DATA TO EXAMINE –
▶
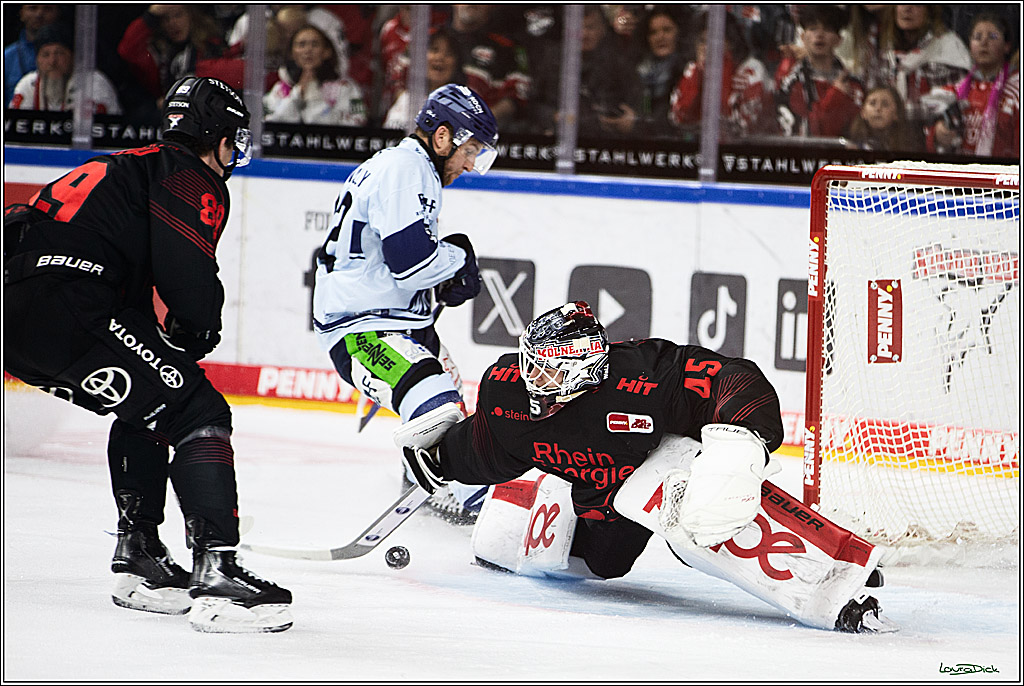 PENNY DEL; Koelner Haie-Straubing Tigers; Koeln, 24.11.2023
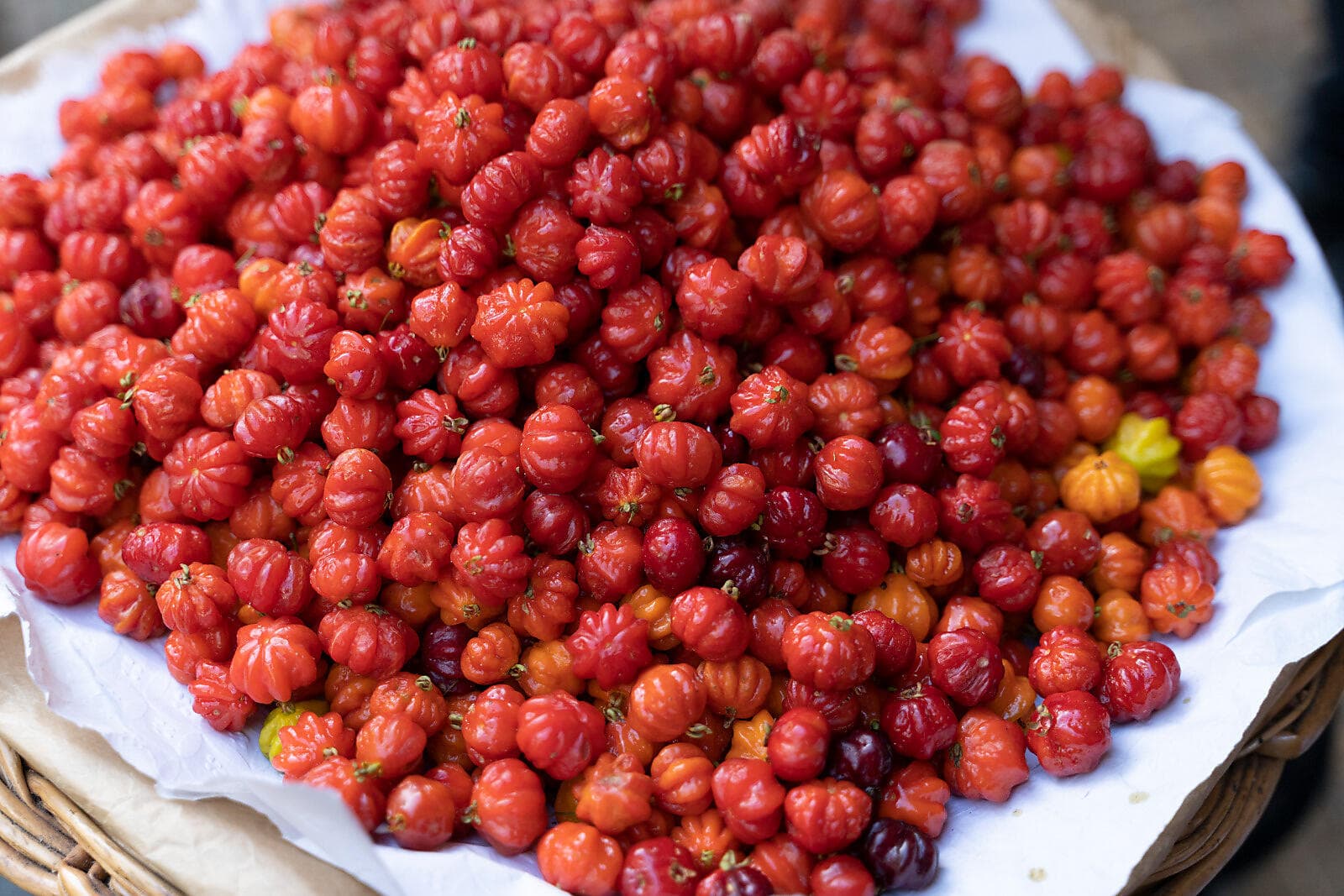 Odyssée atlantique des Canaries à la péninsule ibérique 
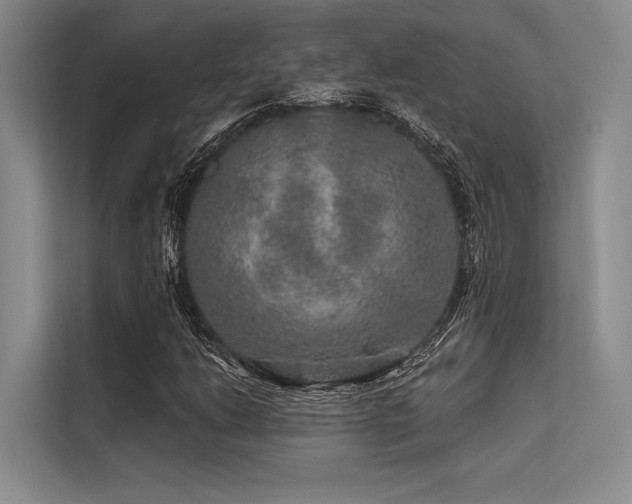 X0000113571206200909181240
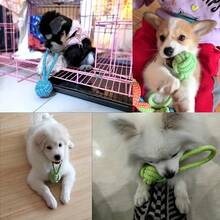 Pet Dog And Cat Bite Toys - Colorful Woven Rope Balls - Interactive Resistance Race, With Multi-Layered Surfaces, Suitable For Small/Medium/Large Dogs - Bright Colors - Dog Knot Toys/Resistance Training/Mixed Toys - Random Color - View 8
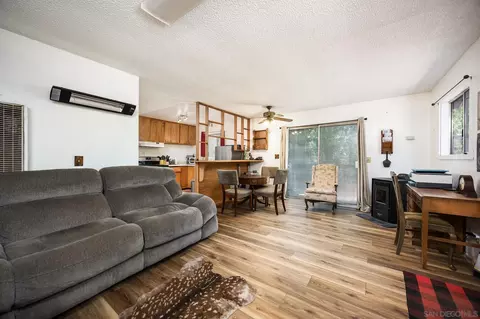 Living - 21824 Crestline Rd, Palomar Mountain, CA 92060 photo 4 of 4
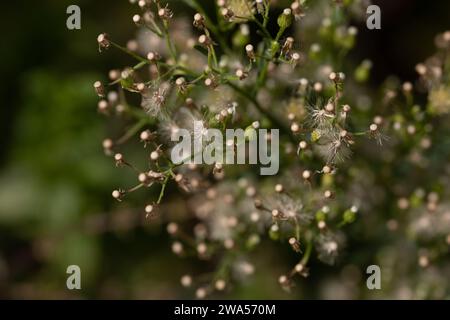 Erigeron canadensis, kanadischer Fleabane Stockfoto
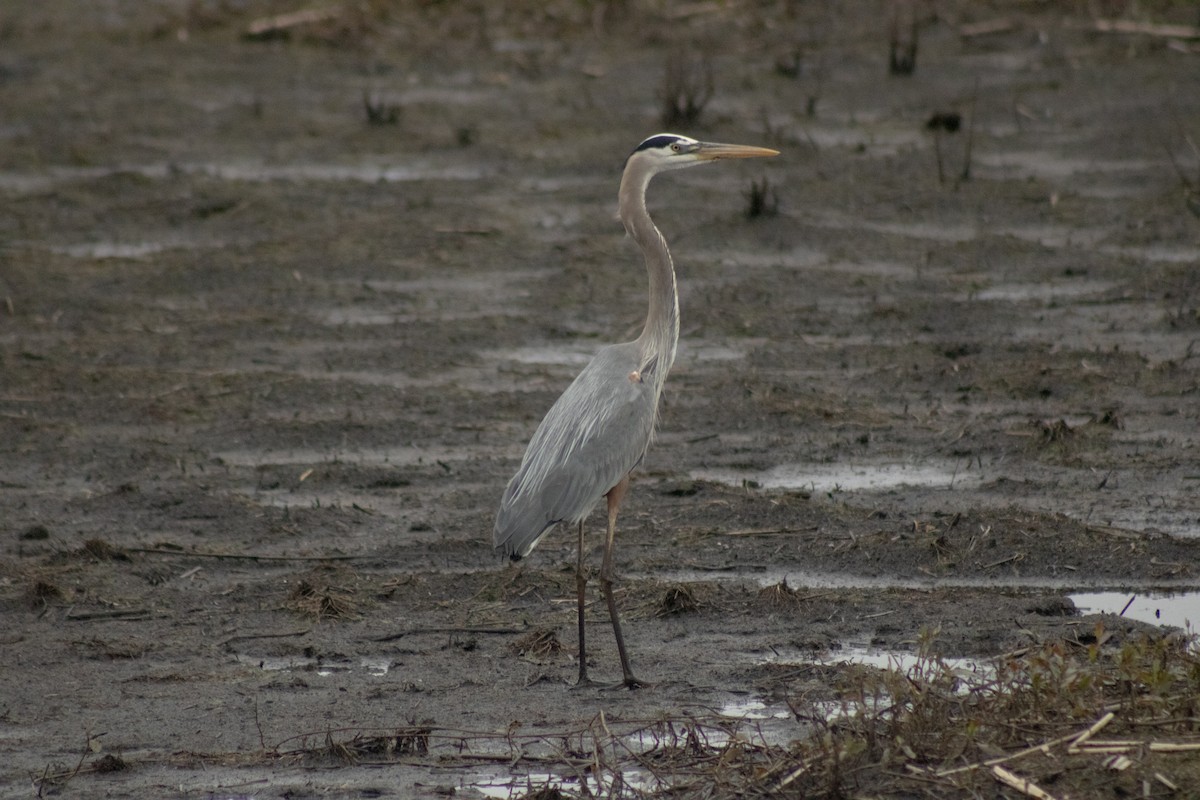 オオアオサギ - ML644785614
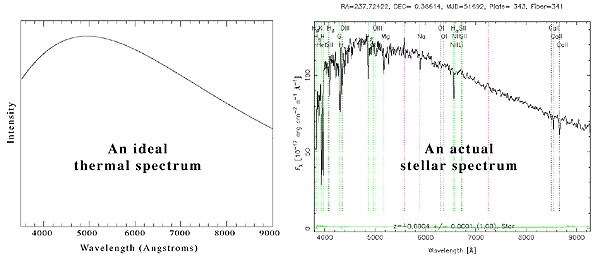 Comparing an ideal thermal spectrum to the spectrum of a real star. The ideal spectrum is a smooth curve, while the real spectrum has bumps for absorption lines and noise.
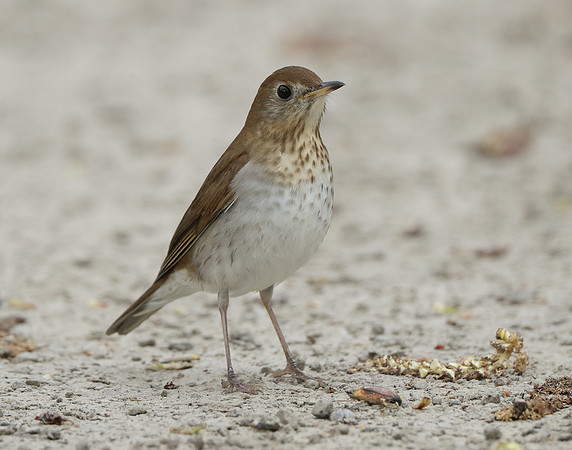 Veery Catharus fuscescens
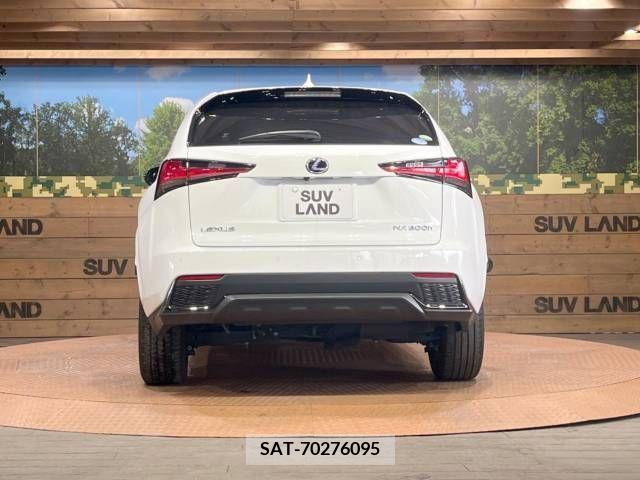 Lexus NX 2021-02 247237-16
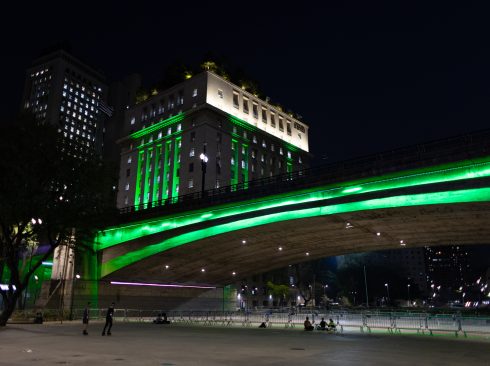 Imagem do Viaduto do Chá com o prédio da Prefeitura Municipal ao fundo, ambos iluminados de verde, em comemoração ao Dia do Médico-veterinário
◀
DESCRIPTION OF THE TASK – Starting at the line that holds "Living - 21824", write out every remaining line of the material above exactly as it appears. Pictures should not be copied.

EXERCISE RESPONSE –
 Living - 21824 Crestline Rd, Palomar Mountain, CA 92060 photo 4 of 4
 Erigeron canadensis, kanadischer Fleabane Stockfoto
 オオアオサギ - ML644785614
 Comparing an ideal thermal spectrum to the spectrum of a real star. The ideal spectrum is a smooth curve, while the real spectrum has bumps for absorption lines and noise.
 Veery Catharus fuscescens
 Lexus NX 2021-02 247237-16
 Imagem do Viaduto do Chá com o prédio da Prefeitura Municipal ao fundo, ambos iluminados de verde, em comemoração ao Dia do Médico-veterinário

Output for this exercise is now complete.